Impactos : “La paz es el bien supremo, pero…
Por Delimiro Moreno
… No a cualquier precio”. Son palabras del presidente Santos para anunciar que el proceso de paz no debe ser suspendido, pero si las FARC insisten en sus demenciales acciones lo ponen en peligro. Y el jefe del equipo negociador del gobierno, Humberto de La Calle, afirmó: “llegó la hora de que la guerrilla entienda que sus acciones violentas solo están agotando la paciencia y la confianza en la mesa de negociación” y que “los diálogos no serán indefinidos”.
Para nadie es un secreto –y para los uribistas es un triunfo casi demoledor- que el proceso de La Habana sufrió con la masacre del Cauca su más contundente golpe, fruto de la estupidez de un sector de las FARC que se ha atrevido incluso a la “afirmación alucinante” de que ella fue responsabilidad del gobierno.
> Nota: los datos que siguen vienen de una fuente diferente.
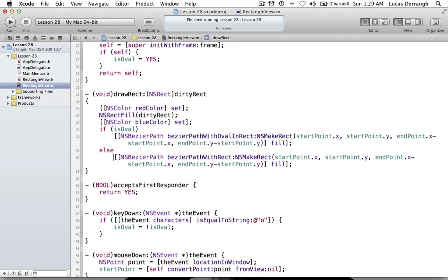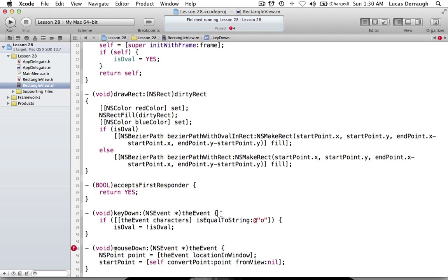Just to run through this one more time: we have to tell our view to accept first responder status, which allows us to accept keyboard events. Then, since we can accept key events, we register for the keyDown method. In keyDown we check what characters were clicked — specifically the letter O — and if it's equal to O we swap between oval and rectangle. Then in drawRect, if isOval we draw an oval, otherwise a rectangle.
De esta manera, se confirma que el sector belicista de las FARC es el más evidente aliado del guerrerismo retórico del sector político comandado por el expresidente Uribe, en su loca ambición por volver al poder.
Los extremos se juntan. Y hoy más que nunca es evidente que el belicismo de un sector fariano es el mejor aliado de la extrema derecha nacional, a la que suministra las municiones que necesita para combatir el proceso de paz.
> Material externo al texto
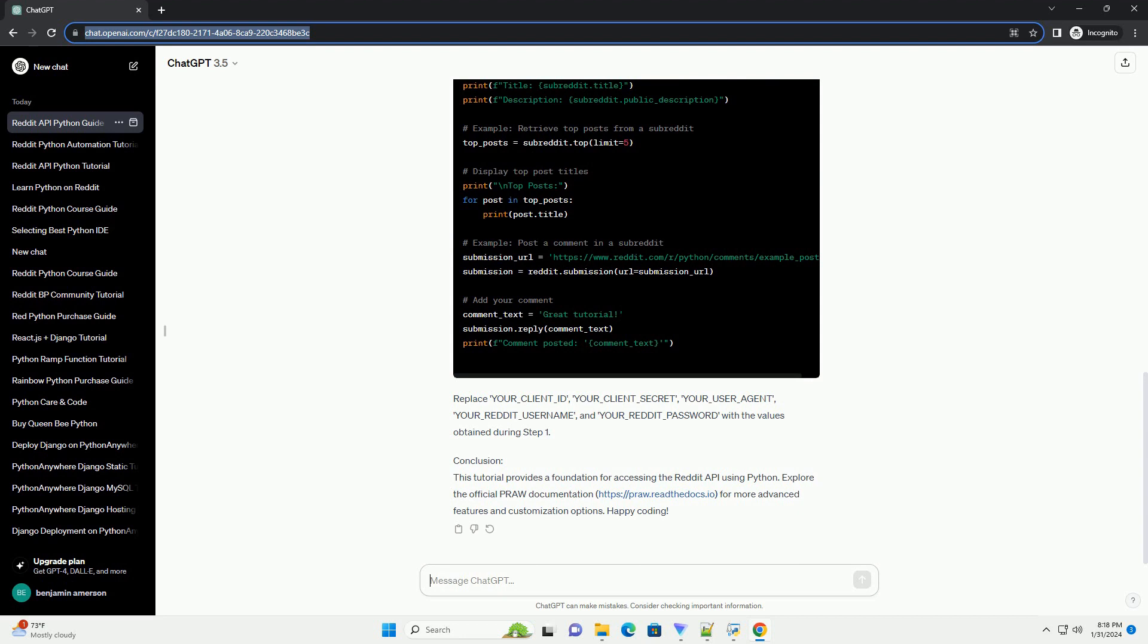Conclusion: This tutorial provides a foundation for accessing the Reddit API using Python. Explore the official PRAW documentation at https://praw.readthedocs.io for more advanced features and customization options. Happy coding!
Habrá que desplegar todos los esfuerzos posibles e imposibles para continuar el proceso de paz. “La pelota está en el campo de las FARC”, acaba de anunciar el presidente Santos, cuya figura se agiganta, a pesar de las rechiflas uribistas de los últimos días, por su voluntad inconmovible para lograr la convivencia pacífica de los colombianos que quedamos pendientes de la posición guerrillera que acaso sea su última oportunidad de lograr un acuerdo que les garantice su futuro político, si esto es lo que realmente desean. Porque si lo que pretenden es un respiro para recuperarse de los golpes militares que han sufrido en los últimos años en los gobiernos de Uribe y Santos, y continuar con el jugoso negocio de la guerra y el narcotráfico, están muy equivocados. El país no lo soportará. Y es posible que, contrariamente a lo que piensan las FARC y sus despistados dirigentes políticos -que sueñan en un país que no existe sino en sus enfermizas mentes- es posible que para derrotarlas definitivamente –ya que no quieren firmar una paz negociada- se instaure en Colombia una dictadura militar uribista. Con lo cual no solamente perdería la extrema locura de las FARC sino la democracia nacional, golpeada de muerte por la estupidez de una guerrilla que viene perdiendo cada vez más su rostro político y cada vez más exhibe la cara belicista de una facción enemiga de la paz y la prosperidad nacionales.
Y tiene que ser lo más pronto posible. El país no resiste unas negociaciones por tiempo indefinido, lo ha expresado en todos los tonos. No es solo una exigencia del gobierno. Es un clamor nacional. Las FARC tienen ahora su última oportunidad política. Si la desperdician, el veredicto de la historia será implacable con ellas.